1. 37

  2. [Comment removed by author]

    1. 2

      I’m a fan as well. My colleagues switch to PostgreSQL now, because SQLite has limitations with ALTER TABLE. The Play framework uses database evolutions written in SQL so that is easier with PostgreSQL.

    2. 5

      I really love Sqlite, and reading accounts like this is great. BUT, note this all reads with no inserts/updates/deletes. Sqlites achilles heel for being really useful?

      Additionally, though this test was focused on read performance, I should mention that SQLite has fantastic write performance as well. By default SQLite uses database-level locking (minimal concurrency), and there is an “out of the box” option to enable WAL mode to get fantastic read concurrency — as shown by this test.

      1. 9

        You’d be surprised. Serializing writes on hardware with 10ms latency is pretty disasterous, giving parallel write databases a huge advantage over SQLite on hard drives. But even consumer solid state drives are more like 30us write latency, over 300 times faster than a conventional hard drive.

        Combine with batching writes in transactions and WAL logging and you’ve got a pretty fast little database. Remember, loads of people loved MongoDB’s performance, even though it had a global exclusive write lock until 2013 or something.
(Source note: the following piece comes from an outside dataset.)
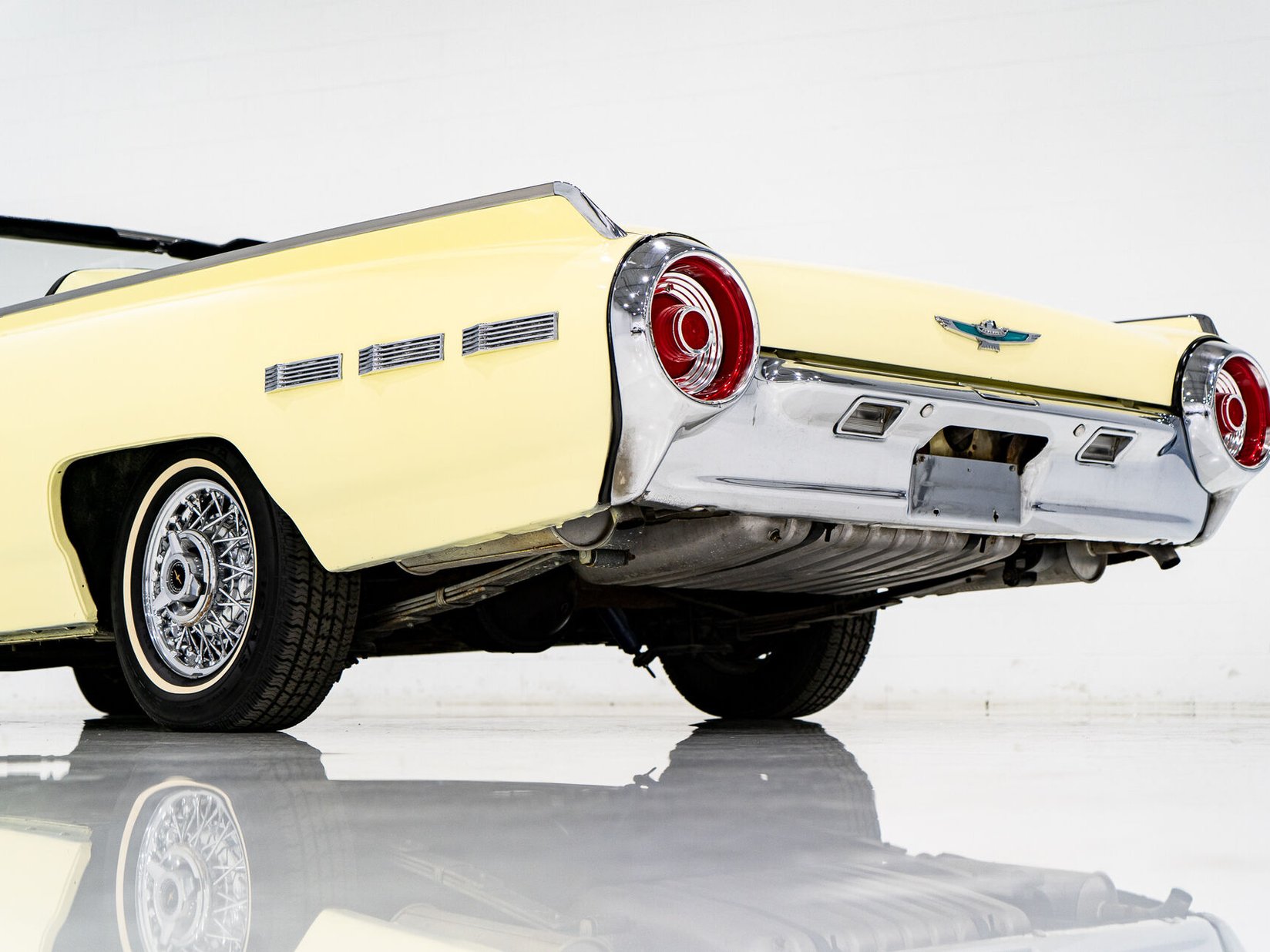 Ford Thunderbird Beautifully Presented From Older Restoration with original bill of sale 1962 Jaune Montréal - photo #28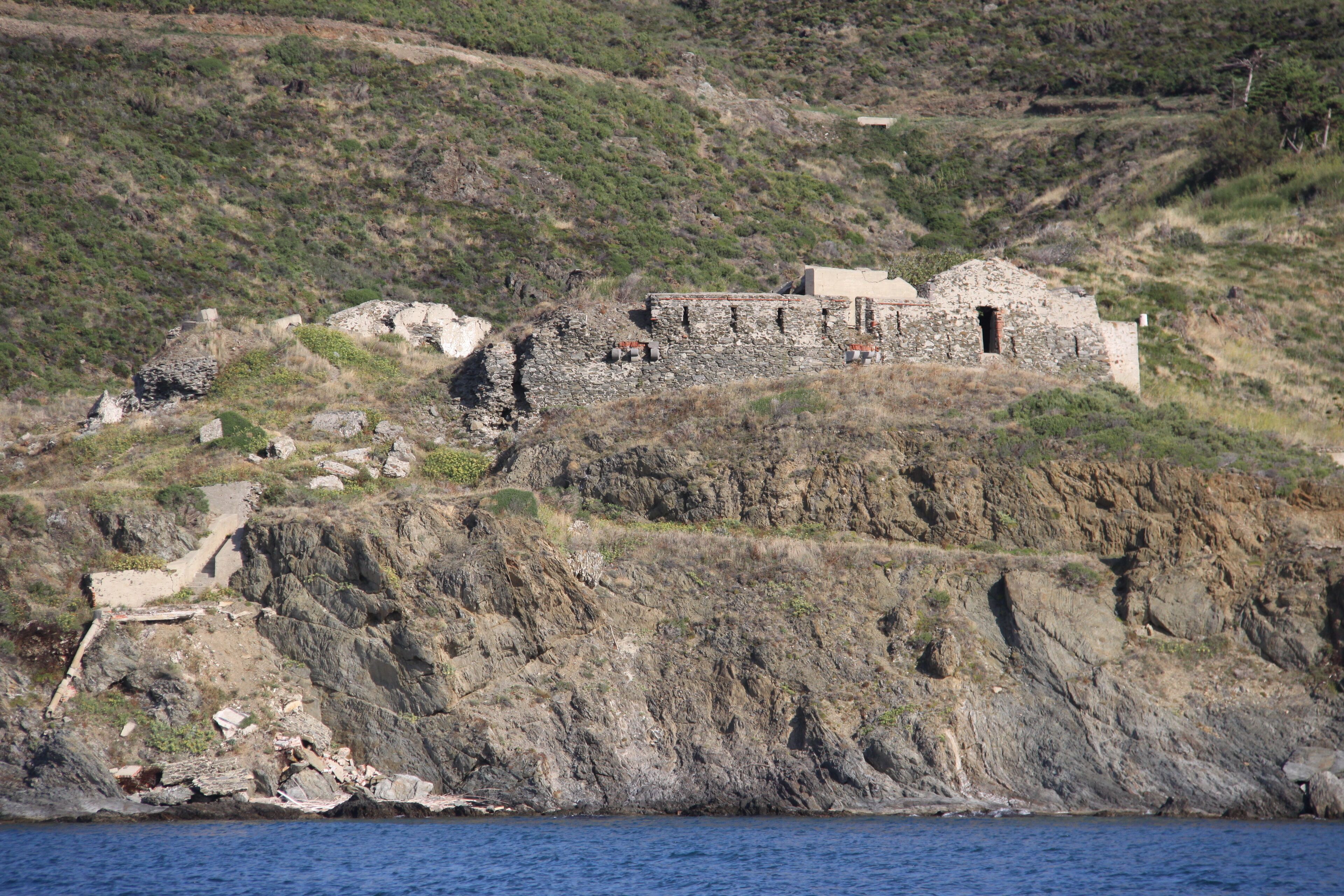 This building is inscrit au titre des Monuments Historiques. It is indexed in the Base Mérimée, a database of architectural heritage maintained by the French Ministry of Culture, under the reference PA00104187 .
        People really overestimate the cost of write locking. You need a surprising amount of concurrency to warrant a sophisticated parallel write datastructure. And if you don’t actually need it, the overhead of using a complex structure will probably slow your code down.

        1. 3

          Sounds like you might like the “COST” metric…. https://lobste.rs/s/dyo11t/scalability_at_what_cost

        2. 6

          Given that they run all of expensify.com on a single (replicated) Bedrock database, that would pass my “really useful” test, at least. :)

          1. 2

            The project page itself warns about that. When toying with ideas, I thought about a front-end that sort of acted as a load balancer and cache that basically could feed writes to SQLite at the pace it could take with excesses held in a cache of sorts. It would also serve those from its cache directly. Reads it could just pass onto SQLite.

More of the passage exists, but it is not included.